PBS pbs sched Startup Fix After Reboot
Home > CentOS > CentOS 7.x > CentOS 7.x Rocks cluster 7.0 > CentOS 7.x Rocks Cluster OpenPBS pbs_sched Startup Fix After Reboot
CentOS 7.x Rocks Cluster OpenPBS pbs_sched Startup Fix After Reboot
Background: As per the Rocks cluster architecture, the master node has two hostnames:
- public hostname
- private hostname
In OpenPBS, all scheduler and node communication happens strictly through hostnames.

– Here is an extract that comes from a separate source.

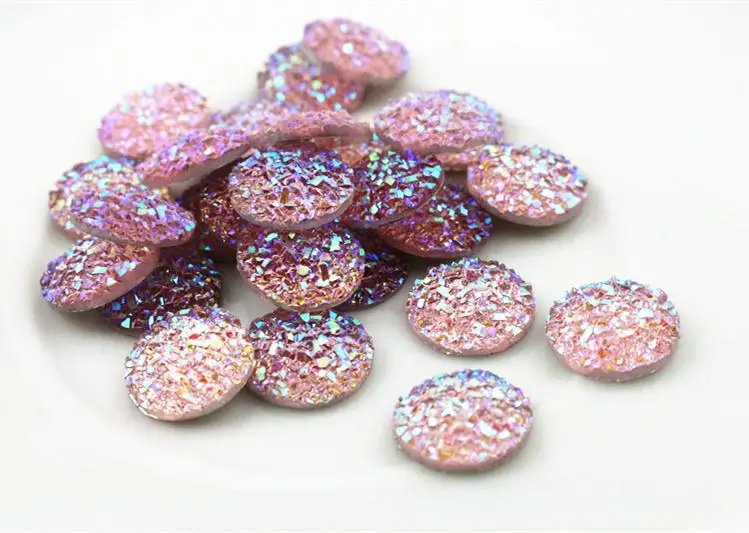 

New Fashion 40pcs 12mm Pink AB Color Flat Back Resin Cabochons Cameo G5-12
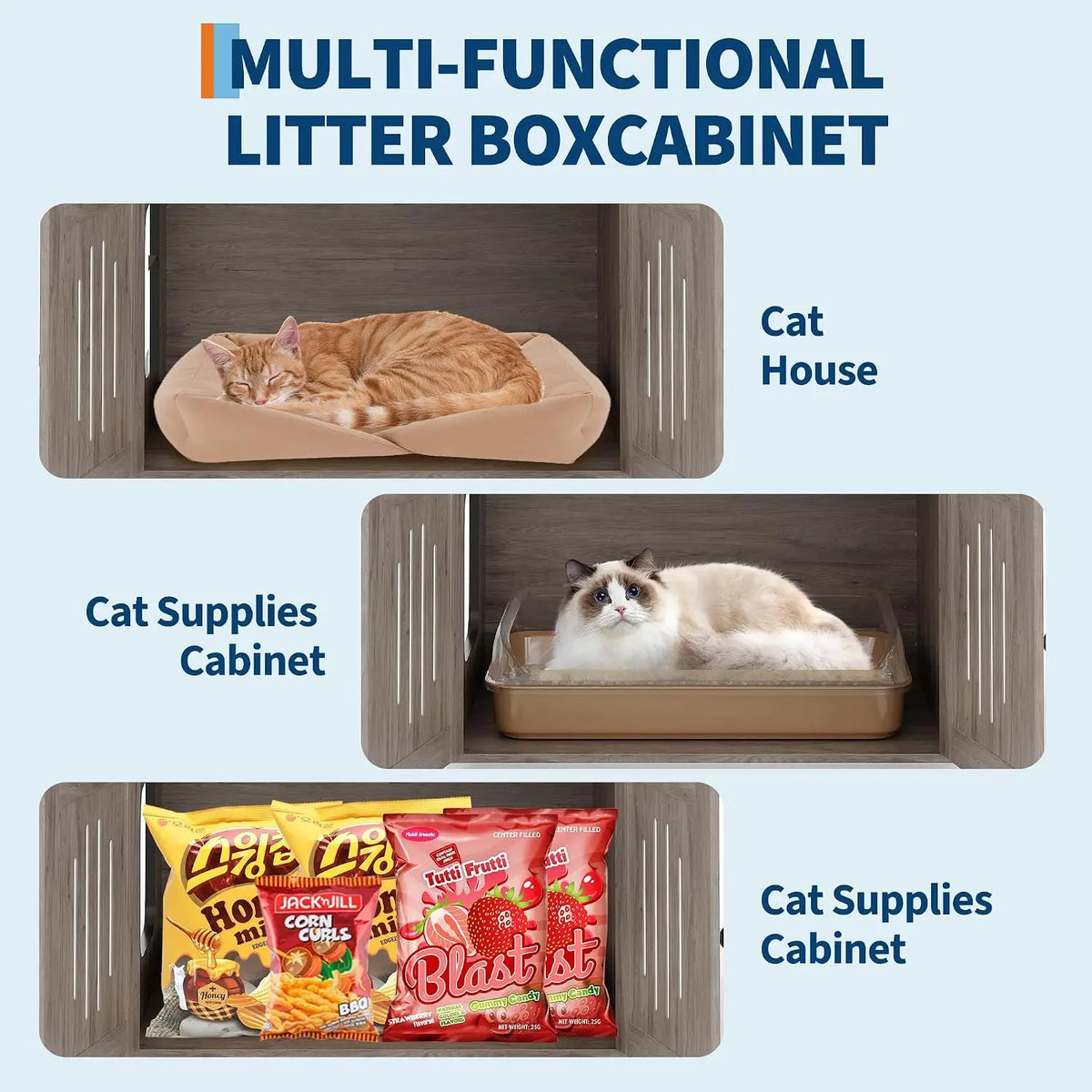 Tacleekii Multi Level Cat Tree With Hidden Litter Box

OpenPBS must be configured to use the private hostname for proper communication with compute nodes.
Issue Description: Whenever the Rocks master node is restarted:
- The OpenPBS service starts automatically
- The pbs_sched daemon starts using the public hostname
- As a result, PBS jobs remain in the Q (Queued) state and do not start executing
To resolve this, the pbs_sched service must be started explicitly using the private hostname.
Step 1: Configure Scheduler Clientfile on Master
Since the master node is typically used as a PBS client for job submission, configure the scheduler clientfile.
Edit the clientfile:
vim /var/spool/pbs/sched_priv/clientfile
Add the private hostname of the master node:
$clienthost <private-master-hostname>
Step 2: Stop the Incorrectly Running pbs_sched
Login to the Rocks master node and identify the running scheduler process:
ps aux | grep pbs_sched
Kill the scheduler process:
kill -9 <process-id>
OR kill all scheduler processes:
killall -9 pbs_sched
Step 3: Start pbs_sched Using Private Hostname
Start the PBS scheduler explicitly with the configured clientfile:
/opt/pbs/sbin/pbs_sched -c /var/spool/pbs/sched_priv/clientfile
Result: The scheduler now binds to the private hostname, and PBS jobs move from Q (Queued) to R (Running) state.
Step 4: Create Persistent Restart Script (Recommended)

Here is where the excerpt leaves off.